From the question I asked last night, I got a sense for how to do this for $n\times n$ representations of $\mathbb Z_n$ when $n=2, 3, 4, \text{ and } 6$, but I'm completely at a loss for how to reduce such a representation when $n$ is any larger (like 7, 8, or 9) or odd (especially 5).

Specifically, I've been working on reducing the representation of $\mathbb Z_5$ given by the cyclic column permutations of the $5\times 5$ identity matrix. Attempting to reduce it into 1 subrepresentation of dimension 1 and 2 subrepresentations of dimension 2 has not gotten me anywhere. Because the order is odd, it seems impossible to impose cyclic conditions on the components of the basis vectors - meaning that no matter how I choose the first 4 vectors, there is no fifth vector that works.

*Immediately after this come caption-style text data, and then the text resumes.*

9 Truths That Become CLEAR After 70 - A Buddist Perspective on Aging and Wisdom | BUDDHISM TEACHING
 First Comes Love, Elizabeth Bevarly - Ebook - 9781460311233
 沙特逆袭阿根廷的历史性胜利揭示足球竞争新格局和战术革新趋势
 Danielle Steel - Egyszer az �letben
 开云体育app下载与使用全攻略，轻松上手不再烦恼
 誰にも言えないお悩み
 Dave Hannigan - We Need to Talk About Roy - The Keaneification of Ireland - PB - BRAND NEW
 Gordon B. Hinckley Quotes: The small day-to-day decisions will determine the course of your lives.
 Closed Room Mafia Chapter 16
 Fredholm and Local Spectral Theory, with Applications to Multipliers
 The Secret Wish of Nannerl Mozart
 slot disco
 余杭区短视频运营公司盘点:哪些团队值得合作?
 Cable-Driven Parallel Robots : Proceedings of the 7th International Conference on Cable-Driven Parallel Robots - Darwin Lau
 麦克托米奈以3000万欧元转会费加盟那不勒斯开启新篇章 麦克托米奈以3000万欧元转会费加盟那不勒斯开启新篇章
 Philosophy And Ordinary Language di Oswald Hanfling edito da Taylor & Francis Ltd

If it makes answering the question any easier, feel free to restrict discussions to representations consisting entirely of orthogonal matrices since the representations must obviously be unitary and real.

Answer 1

I've done quite a bit of research since asking this question. Here is what I've found.

1) This question is quite broad, but from Cayley's Theorem, it is enough to just answer this question as it applies to the Permutation Group (or Symmetric Group), $S_n$.

2) Answering this question conclusively for $S_n$ is quite challenging, so it may be worth-while seeing how it goes with subgroups - such as the Cyclic Group, $C_n$, and the Dihedral Group, $D_n$. Since $D_n$ can always be constructed from $C_n$ by tensoring it with the alternating representation (or sign representation - $(1,-1,1,-1,1,...)$) of $S_n$, I'll stick exclusively to $C_n$.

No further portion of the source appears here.